══ GIVEN INFORMATION

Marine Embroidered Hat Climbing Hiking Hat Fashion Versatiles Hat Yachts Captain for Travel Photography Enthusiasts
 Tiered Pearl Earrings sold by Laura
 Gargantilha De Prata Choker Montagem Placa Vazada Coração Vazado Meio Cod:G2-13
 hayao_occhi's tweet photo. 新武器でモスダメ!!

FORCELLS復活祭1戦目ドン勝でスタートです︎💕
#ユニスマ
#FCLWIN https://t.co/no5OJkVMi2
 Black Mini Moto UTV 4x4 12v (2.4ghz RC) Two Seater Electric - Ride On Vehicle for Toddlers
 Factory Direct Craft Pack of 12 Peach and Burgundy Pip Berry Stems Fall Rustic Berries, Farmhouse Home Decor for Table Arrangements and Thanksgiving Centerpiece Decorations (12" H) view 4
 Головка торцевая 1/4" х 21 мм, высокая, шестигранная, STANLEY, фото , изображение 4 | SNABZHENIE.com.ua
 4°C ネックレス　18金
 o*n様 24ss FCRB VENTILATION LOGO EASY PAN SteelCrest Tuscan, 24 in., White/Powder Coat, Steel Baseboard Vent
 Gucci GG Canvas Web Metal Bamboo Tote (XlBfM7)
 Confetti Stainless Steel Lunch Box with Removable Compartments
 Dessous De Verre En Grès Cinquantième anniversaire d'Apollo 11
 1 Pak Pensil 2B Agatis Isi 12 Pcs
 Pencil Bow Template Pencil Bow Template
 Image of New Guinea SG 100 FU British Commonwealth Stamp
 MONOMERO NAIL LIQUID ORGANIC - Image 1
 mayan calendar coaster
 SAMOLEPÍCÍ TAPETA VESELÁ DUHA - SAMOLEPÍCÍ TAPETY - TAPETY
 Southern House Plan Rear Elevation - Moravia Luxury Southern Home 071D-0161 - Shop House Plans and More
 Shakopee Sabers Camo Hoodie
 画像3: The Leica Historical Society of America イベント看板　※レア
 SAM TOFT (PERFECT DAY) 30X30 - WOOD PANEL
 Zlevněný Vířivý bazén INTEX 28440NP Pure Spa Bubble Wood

════

Repeat only the lines running from the line that contains "MONOMERO NAIL LIQUID ORGANIC - Image 1" through the last line above, inclusive.

 MONOMERO NAIL LIQUID ORGANIC - Image 1
 mayan calendar coaster
 SAMOLEPÍCÍ TAPETA VESELÁ DUHA - SAMOLEPÍCÍ TAPETY - TAPETY
 Southern House Plan Rear Elevation - Moravia Luxury Southern Home 071D-0161 - Shop House Plans and More
 Shakopee Sabers Camo Hoodie
 画像3: The Leica Historical Society of America イベント看板　※レア
 SAM TOFT (PERFECT DAY) 30X30 - WOOD PANEL
 Zlevněný Vířivý bazén INTEX 28440NP Pure Spa Bubble Wood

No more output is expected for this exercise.